俺は渾身の右ストレートをヤツの顔面に叩き込む。

 鼻がグニャリと曲がり、体は捻じれるように回転しながら吹っ飛んでいく。
 
 まずは文字通りの先制パンチ。
 これで幾分か気持ちがスッとした。

 さあ、ここからが本番だ。

少しずつウォルトンを煽り、ボロを出させつつもプライドをズタズタに引き裂く。
ヤツがクレアにしてきたことを後悔するまでやめるつもりはない。

 とりあえず追撃をしようと近づこうとした――すると、突然数人の学園職員たちがステージへとあがり、倒れているウォルトンへと駆け寄った。
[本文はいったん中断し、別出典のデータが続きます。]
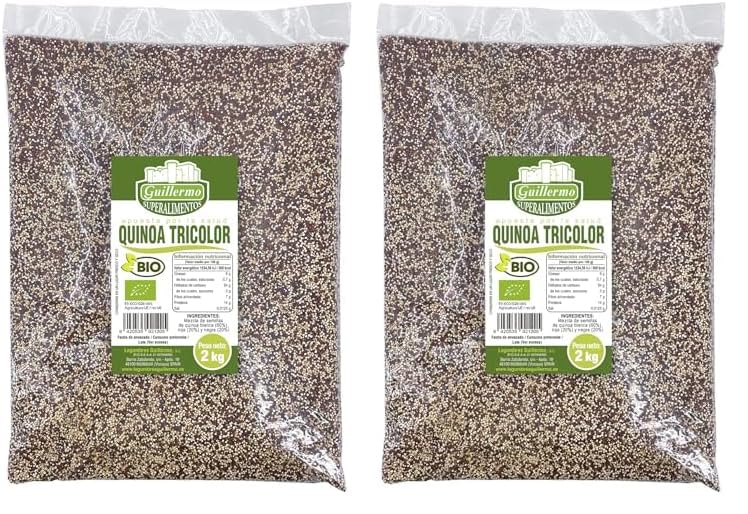 Guillermo | Quinoa tricolor BIO - Bolsa 2 kg. | 100% ecológica | Superalimento | Fuente de fibra, proteína y omega-6 (Paquete de 2)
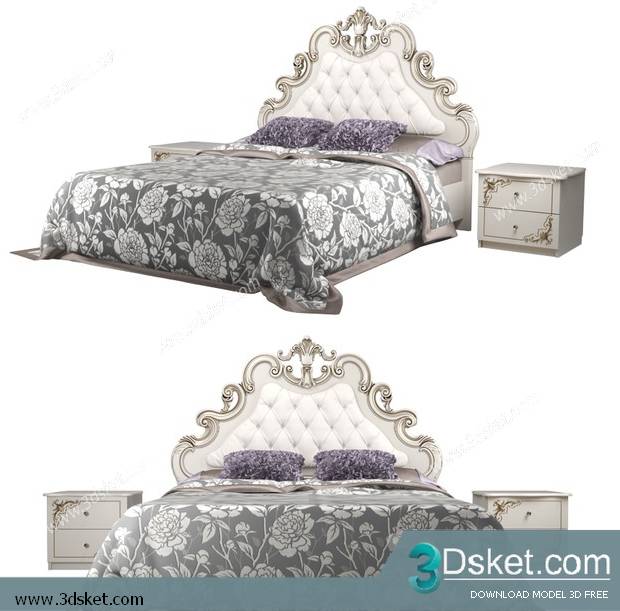 3D Model Bed Free Download Giường 505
 おいおい、まさかここまで露骨にヤツを擁護する気か?
 時間を稼ごうって魂胆なんだろうが無駄なことだ。

 しばらくすると、ひとりの職員が腕で大きな「×」印を描く。

「えっ?」

 ま、まさか……込み上げてくる嫌な予感は現実のものとなった。

「勝負あり! レーク・ギャラードの勝利!」

 トリシア生徒会長が勝利者として俺の名を叫んだ。
 ……いや、ちょっとまて!?
 こっちはまだ実力の三割も出していないんだぞ!?
 まだ準備運動レベルだったのに!?
 いくらなんでも弱すぎるだろ!?

 今度は俺が困惑する番だった。